Question every “best practice” through testing and optimization.
“To quote Flint McLaughlin of MECLABS, “many times, best practices are nothing more than pooled ignorance.” Someone else is doing awesome P2P campaigns? Great! Test it. The Obama campaign does a four-step giving form? Great! Test it. Some other organization only asks for recurring gifts? Great! Test that too. There are plenty of “expert marketers” — but it is worth much more to be an experienced tester. When your boss forwards you an article with some wild fundraising strategy, test it and let data be your diplomat. Opinions are a dime a dozen — numbers are hard to argue with.”
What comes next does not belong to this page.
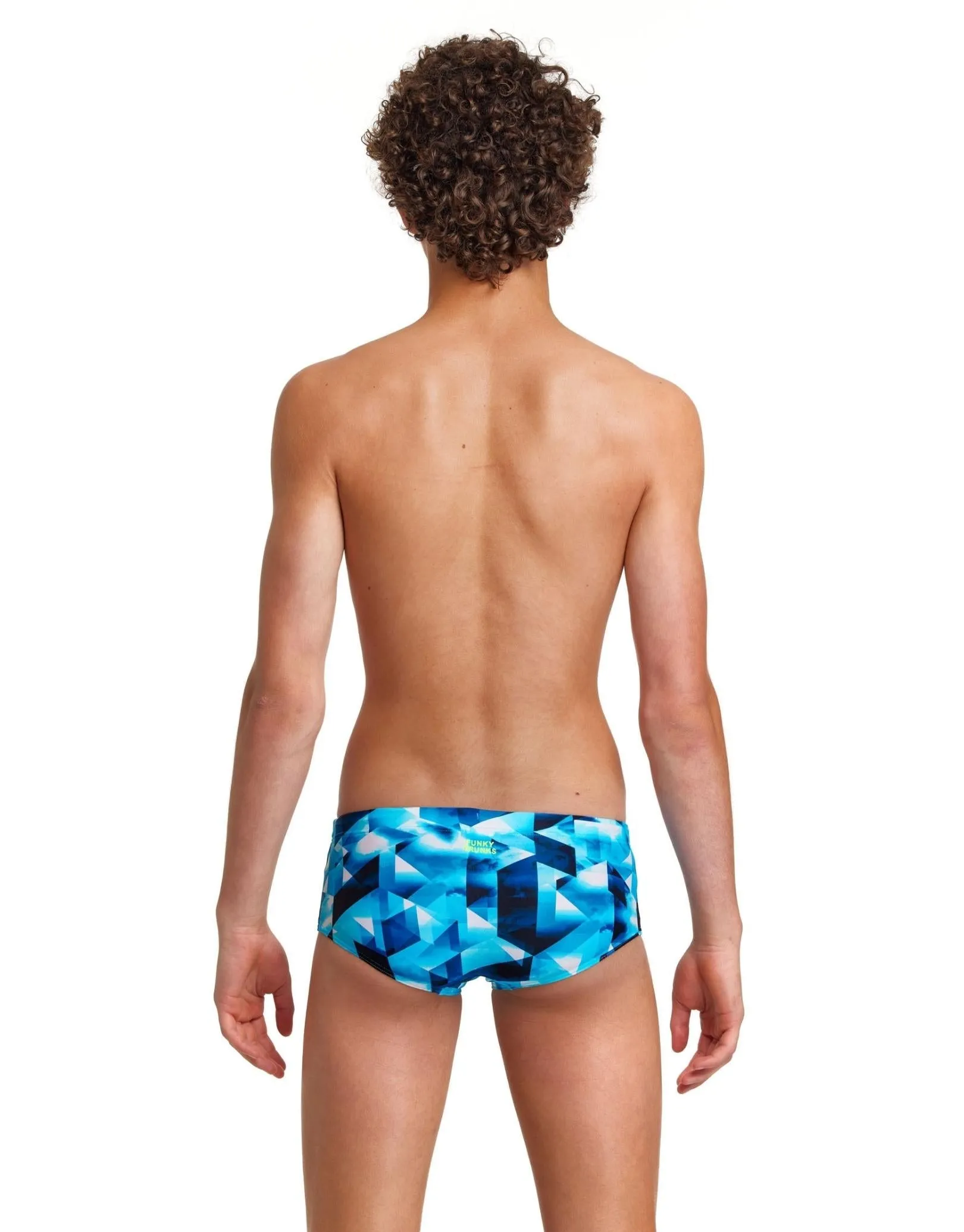 Funky Trunks Boys Hidden Depths Swim Trunks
2. Devon Reeser from Fundraising IP
Devon advises small nonprofits to:
“Figure out if their services are really needed before they form an organization. I’ve been working with too many start ups that would have been better off selling their project idea to an established partner organization instead of having their own 501(c)(3). Ego gets in the way of achieving goals, and it is a costly mistake to them. Track records have become almost a requisite for funding, so unless they have a generous board member or backer supporting their start up costs, they are going to have trouble.”
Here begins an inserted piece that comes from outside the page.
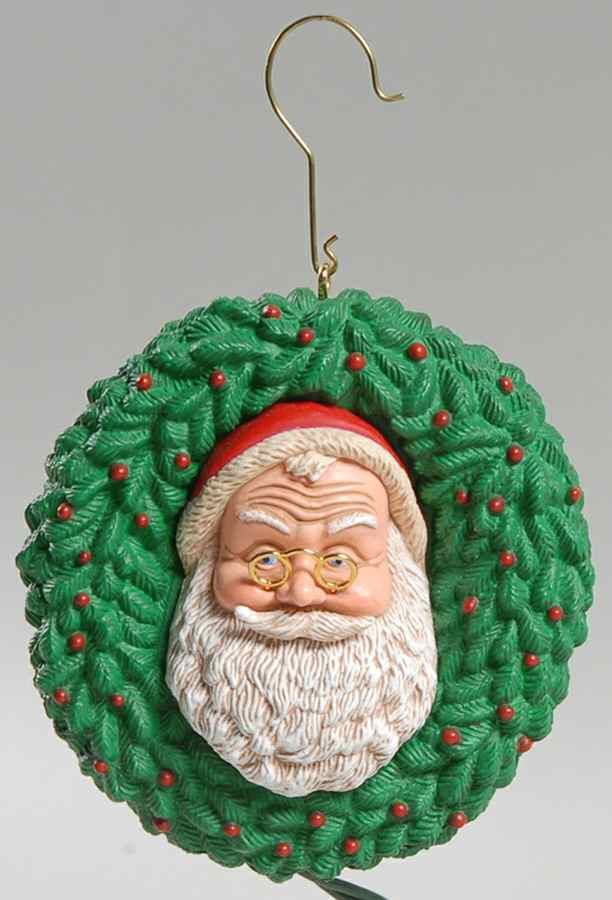 1994 Hallmark Christmas Ornaments Conversations With Santa - No Box by Hallmark Gold Crown-1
3. Fundraising Coach Marc A. Pitman
Marc has three pieces of advice he’d like to share
Nonprofit organizations just starting out:
“Start building support – fundraising and volunteer – before you think you’re ready. Even if you can’t yet process credit cards, figure out what gift levels you need and start getting commitments. Some people love being on the ground floor. So share your story, your process and your impact on social media, building your email list, and in personal visits. There isn’t any “magic Rolodex” of donors pining away trying to figure out where to give their money. You need to do the hard work of earning the right to be heard.”
“And as you’re starting out, come to grips with the fact that fundraising is a core part of your existence. It’s not a “necessary evil.” It’s not something that should be relegated to one position or department. Write fundraising into each job description. Everyone has stake in seeing the nonprofit well funded so allow them to participate in the process. It’s much easier to bake this expectation into the system now than to try to put it in later. And it unleashes the creativity of everyone on your team, making your fundraising efforts stand out from the crowd of nonprofits clamoring for attention.”
Medium-sized nonprofit organizations:
“Don’t succumb to the “get rich quick” promises of crowdfunding or that special grant opportunity. Recommit to the hard, boring work of creating a solid fundraising plan and executing the plan. The “magic” of fundraising is in the basics. It’s in the boring process of calling a fourth, fifth, and even sixth time to get an appointment. Of going over your assignments yet again to make sure you know where everyone is at in the process.”
“Just like NBA basketball players still need to do layups, we fundraisers still need to make the basic steps that bring in the money.”
Larger nonprofit organizations:
“…Whether it’s enterprise data solutions like StartusLIVE or regular meetings to review prospects, make sure you’re treating donors as complete individuals. Donors just see your organization, not the separate departments. Certainly not any turf wars you have. So show them the respect of seeing them as human beings, not ATMs. And let this impact what you say to them in your meetings and communications.”
Thanks to all of these awesome fundraisers who made this article compilation possible. (Can we get a virtual round of applause please?)